Lift Your Voice With Alexander Technique | Alexander Techniq
Sing, speak and act better with Alexander Technique
Alexander Technique (AT) can help you to find your own authentic voice. And with AT skills, you can keep your voice healthy and vibrant, throughout your performance, your career and your life. Because AT lessons will improve your breathing, poise and freedom of expression, you will sing, speak and act better with Alexander Technique.
Thrill your audience before you make a sound
As critical as your sound may be, AT will help you create the precondition for that sound: the confidence you have in relationship with your Self. This is apparent in your physical presence, palpable to you, and visible to your audience, from the moment you walk on stage.
AT will help you achieve the readiness necessary to deliver an important artistic message in an expressive, inspiring way. This readiness emanates from the poise AT brings about in you, enabling you to move and communicate, from one moment to the next. Nothing extraneous, including stage fright, will get in your way, thanks to your AT skills.
Actors and singers rely on AT
Alexander Technique is part of the curriculum in nearly every professional conservatory worldwide, including Great Britain's Royal Conservatory of Music and The Juilliard School in New York City. Actors and singers who study the technique learn to avoid the habits that impair breathing, pitch quality and timbre. For many great performers, AT is a "secret weapon."

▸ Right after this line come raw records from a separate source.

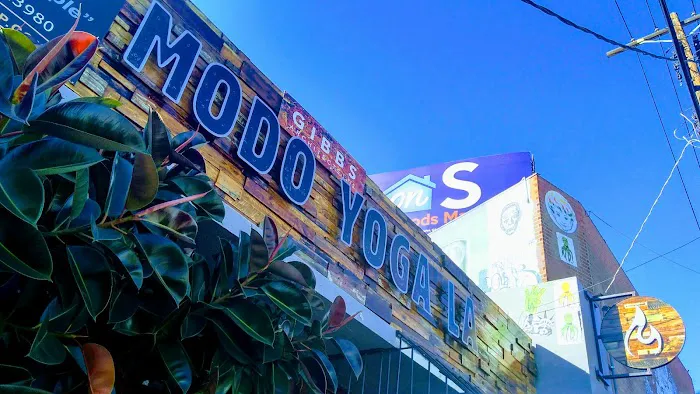 Modo Yoga LA - East Picture 1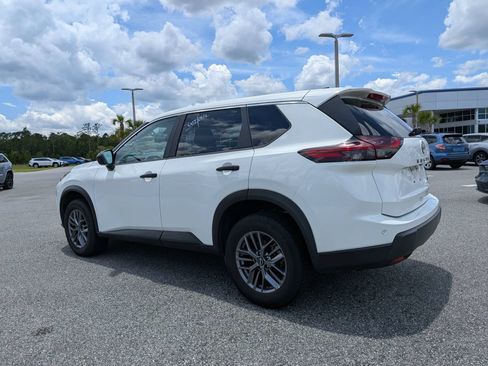 Used 2024 Nissan Rogue S AWD/4WD image 6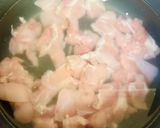 A picture of step 2 of Pea soup with chicken and smoked sausage.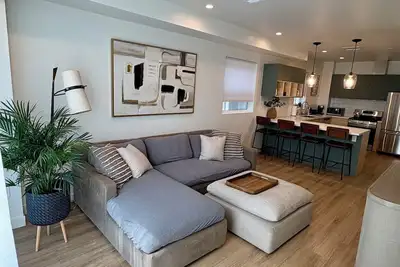 Image de Close to Universal Studios Family friendly Townhouse!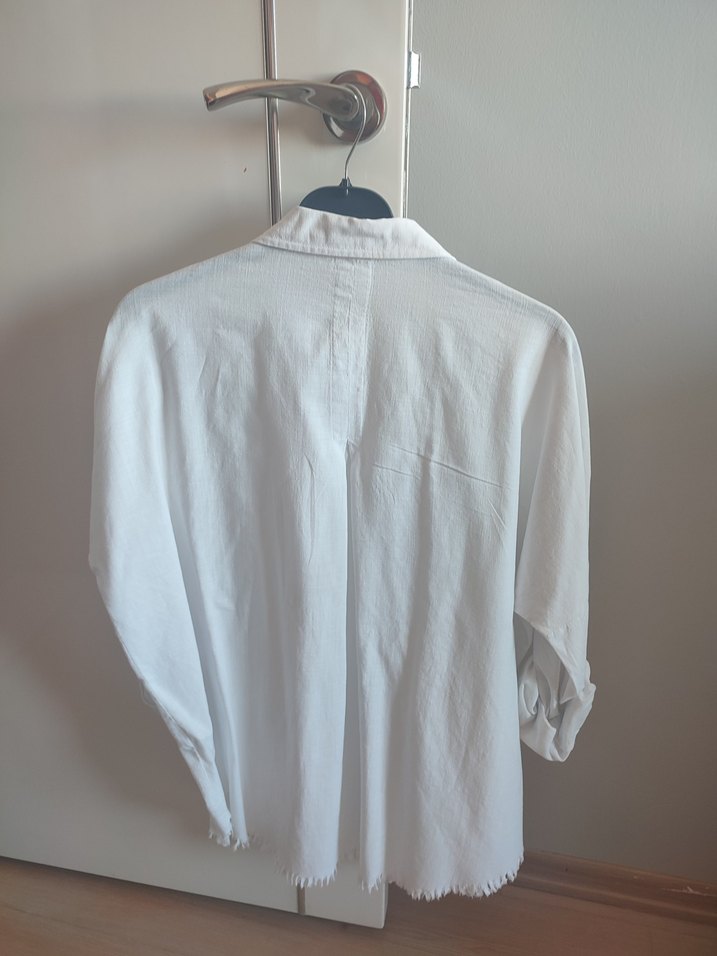 Düğmeli Beyaz Keten Kadın Gömlek - Görsel 3
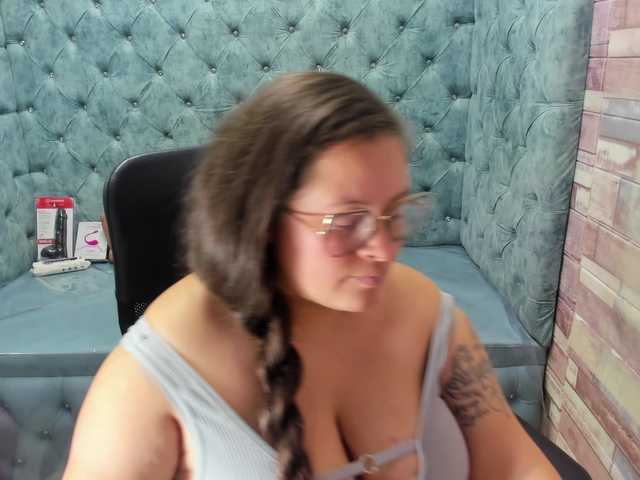 SaraThonson live cam on BongaCams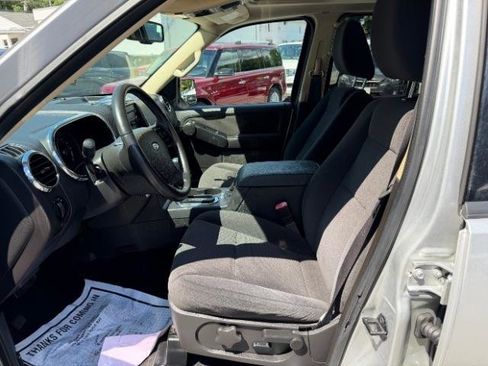 Used 2010 Ford Explorer XLT RWD image 15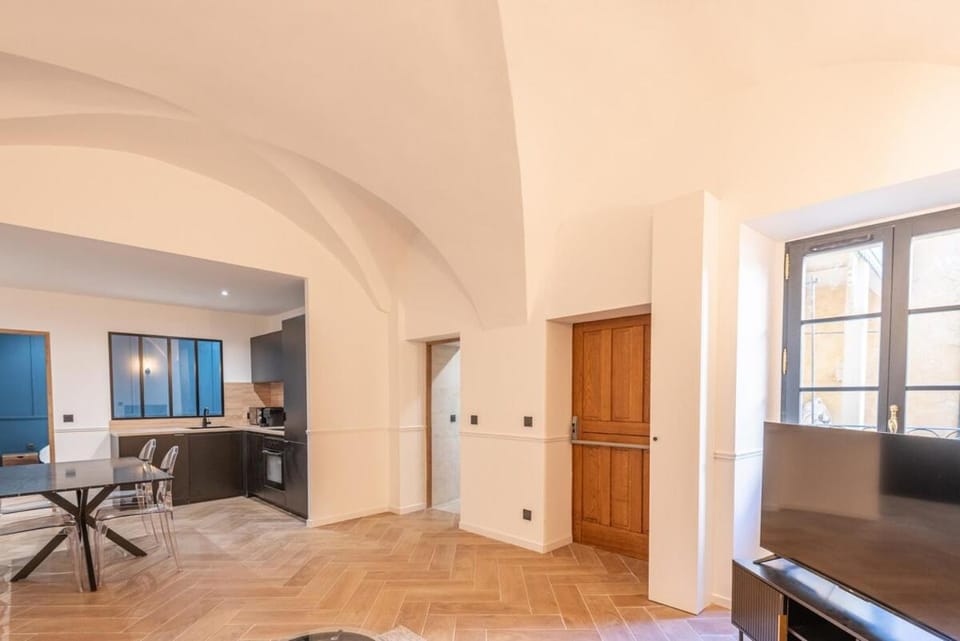 T2 d'exception au Château de Fonbonne Apartment in Évian-les-Bains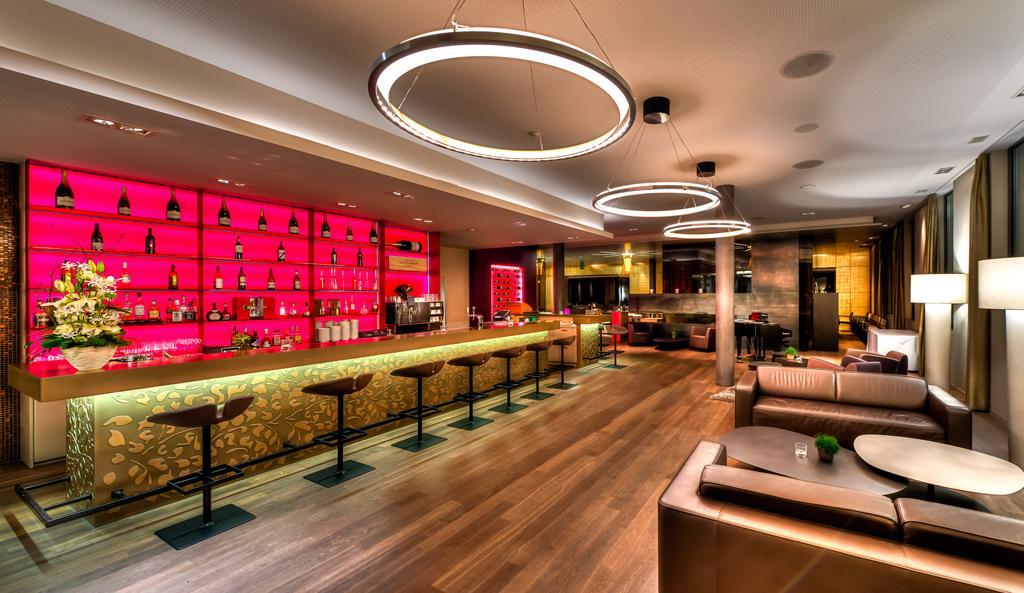 Small Luxury Hotel Wellnesshotel Golfpanorama Lipperswil Exteriör bild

AT was always meant to restore vocal health - and it does
Alexander Technique was originally invented to solve a performer's vocal problems. F.M. Alexander, the creator of the Technique, was an actor in the 1890s, desperately trying to find out why he was experiencing hoarseness on stage. Alexander observed himself in the mirror, while reciting, over a period of months. He discovered that it was his own habits of muscular tension that were the problem. So he devised his Technique as a practical method for recognizing and overcoming these habits. Today, there is still no more effective means for vocal artists to free themselves from harmful self-constriction.